Directions:
Look through the data below for the line with "サビが広がっているダクト", and transcribe it exactly together with each line after it up to and including the line with "Walking Around New York City 2022". Give nothing else.

Supplied information:
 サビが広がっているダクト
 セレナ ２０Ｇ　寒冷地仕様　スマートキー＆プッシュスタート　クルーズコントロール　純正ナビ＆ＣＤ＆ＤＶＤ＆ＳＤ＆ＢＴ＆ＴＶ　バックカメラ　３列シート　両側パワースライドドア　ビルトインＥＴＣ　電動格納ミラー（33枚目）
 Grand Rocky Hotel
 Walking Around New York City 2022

--

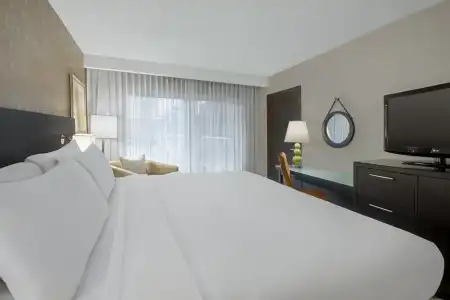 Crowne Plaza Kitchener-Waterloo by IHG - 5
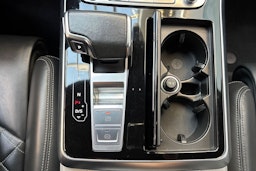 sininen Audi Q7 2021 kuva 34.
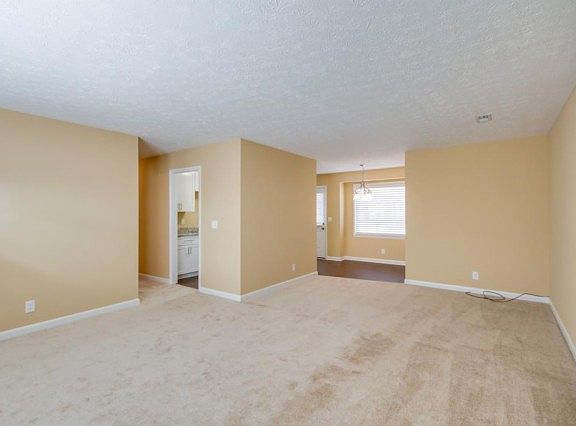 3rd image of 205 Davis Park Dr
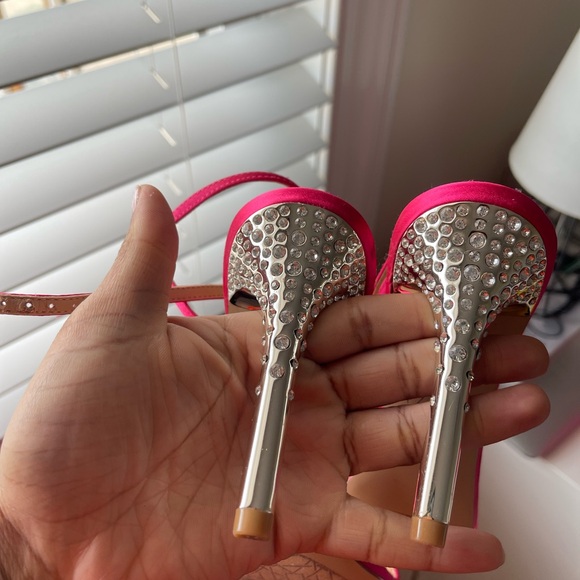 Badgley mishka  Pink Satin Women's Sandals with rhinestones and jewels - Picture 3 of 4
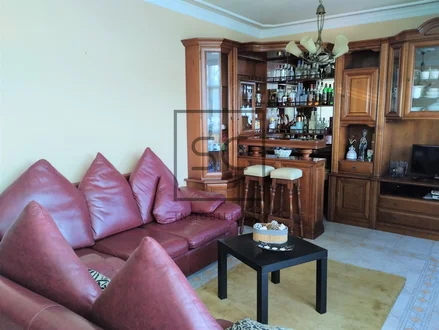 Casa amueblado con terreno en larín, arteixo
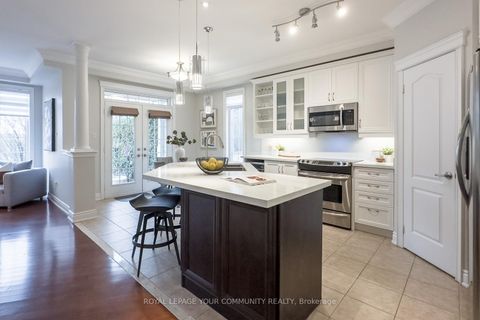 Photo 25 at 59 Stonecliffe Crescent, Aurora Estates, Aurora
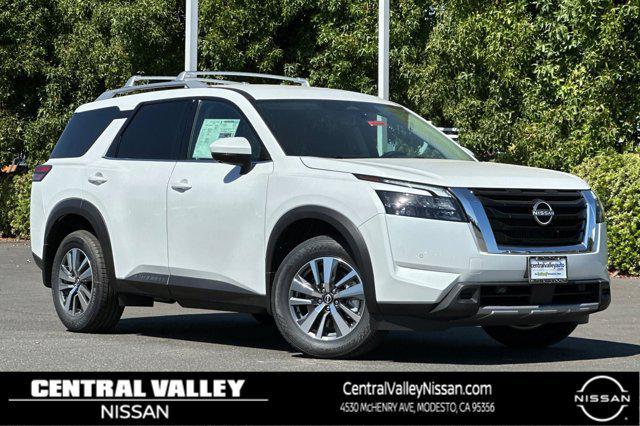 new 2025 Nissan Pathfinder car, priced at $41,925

---

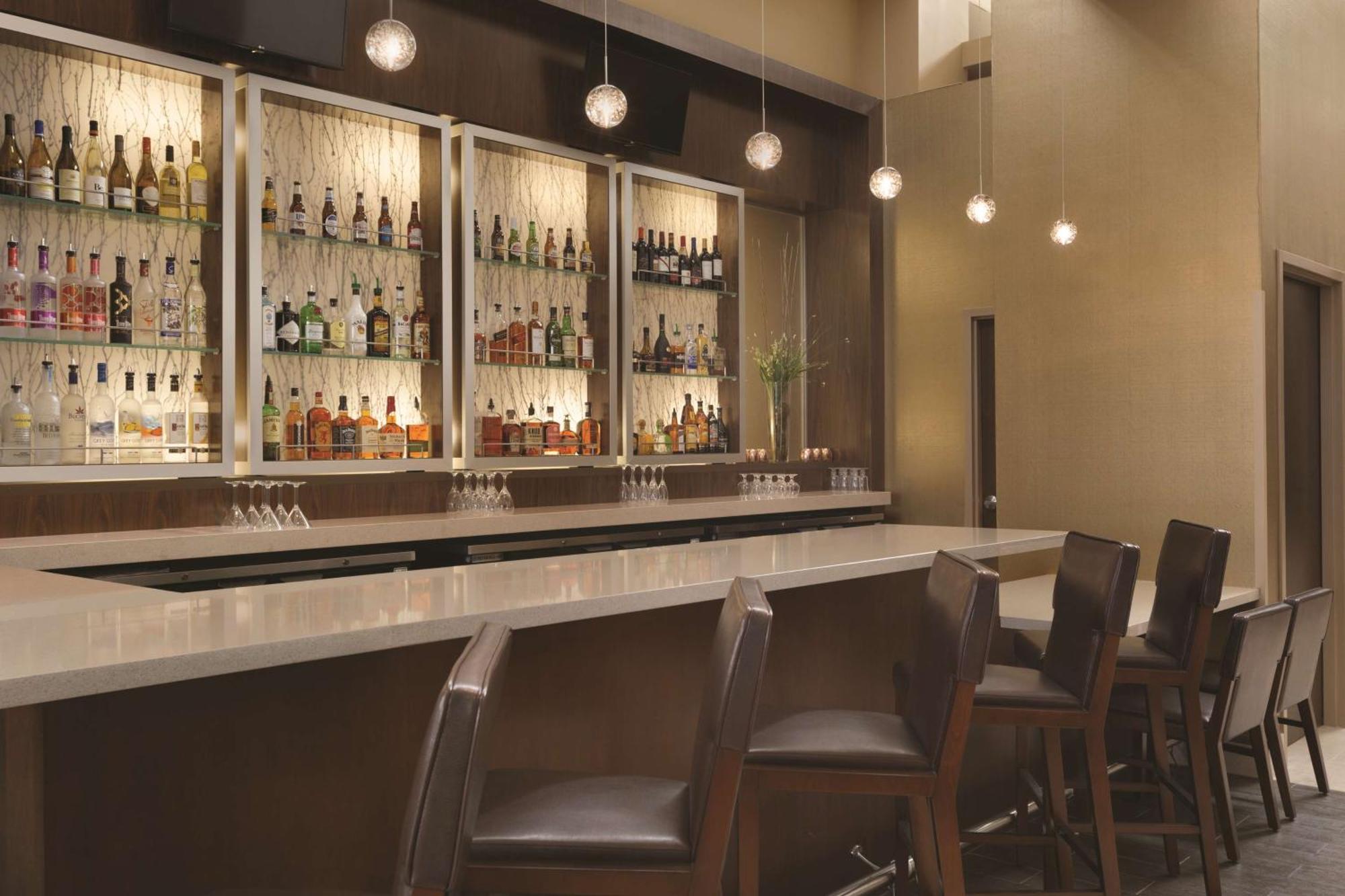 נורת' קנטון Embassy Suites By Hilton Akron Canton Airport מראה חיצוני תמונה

Solution to the exercise:
 サビが広がっているダクト
 セレナ ２０Ｇ　寒冷地仕様　スマートキー＆プッシュスタート　クルーズコントロール　純正ナビ＆ＣＤ＆ＤＶＤ＆ＳＤ＆ＢＴ＆ＴＶ　バックカメラ　３列シート　両側パワースライドドア　ビルトインＥＴＣ　電動格納ミラー（33枚目）
 Grand Rocky Hotel
 Walking Around New York City 2022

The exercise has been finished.